Besides decisions about how to take pension cash, inflation and the effects a rising cost of living can have on spending power need considering as well.

Andy James, head of retirement planning at Towry has worked two examples to show how annuity and drawdown can give different results for the same retirement saver.

How advice can boost income

In the first example, the widowed saver with two children has a £500,000 fund on retirement at 65 years old.

The saver buys an annuity without advice that pays £26,456 a year at current rates but, says James, inflation erodes his spending power by half when he reaches his 85th birthday. When he dies, the annuity dies with him and his children inherit nothing from his life savings.

Going down a different route, the saver takes a £125,000 tax-free 25% lump sum and gifts £25,000 to his children as a potentially exempt transfer under inheritance tax rules (IHT). The rest goes into ISAs and managed funds.

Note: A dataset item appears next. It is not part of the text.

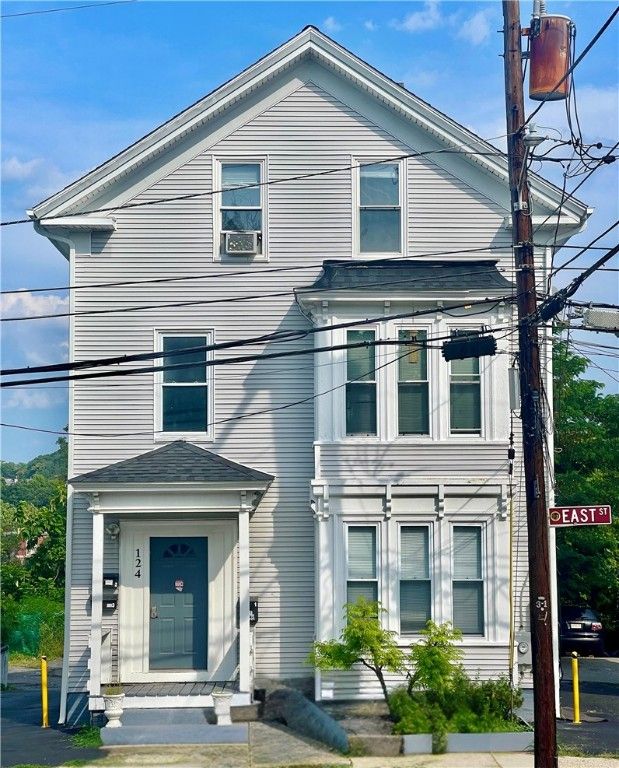 124 East Street, Woonsocket, RI 02895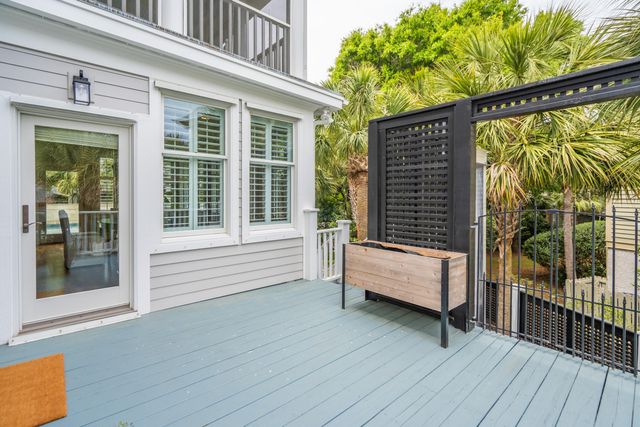 7 2nd Avenue, Isle Of Palms, SC 29451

Over the years, he draws an annual income of £30,600 from withdrawing his investments, and also manages to give each child £3,000 a year tax-free from IHT.

“These examples show how taking advice and making informed financial decisions can give a vastly different retirement income outcome,” said James. “Not only has our retiree had more cash in his later years, but he has passed £85,000 without any tax to his children.”

Watch out for guaranteed annuity rates

Meanwhile, Stephen Berry, personal finance specialist at NFU Mutual, also warned pensioners not to delay their financial decisions.

“Choice is leading to confusion, but hundreds of thousands of people could lose any guaranteed annuity rate written into their pension policies,” he said.

“The valuable guarantee is in many pensions taken out before 1990, and anyone with one of these plans should check their policy to make sure they do not lose money by procrastinating about what to do.”

Berry also pointed out that guaranteed rates are age-sensitive and sometimes aligned to specific birthdays.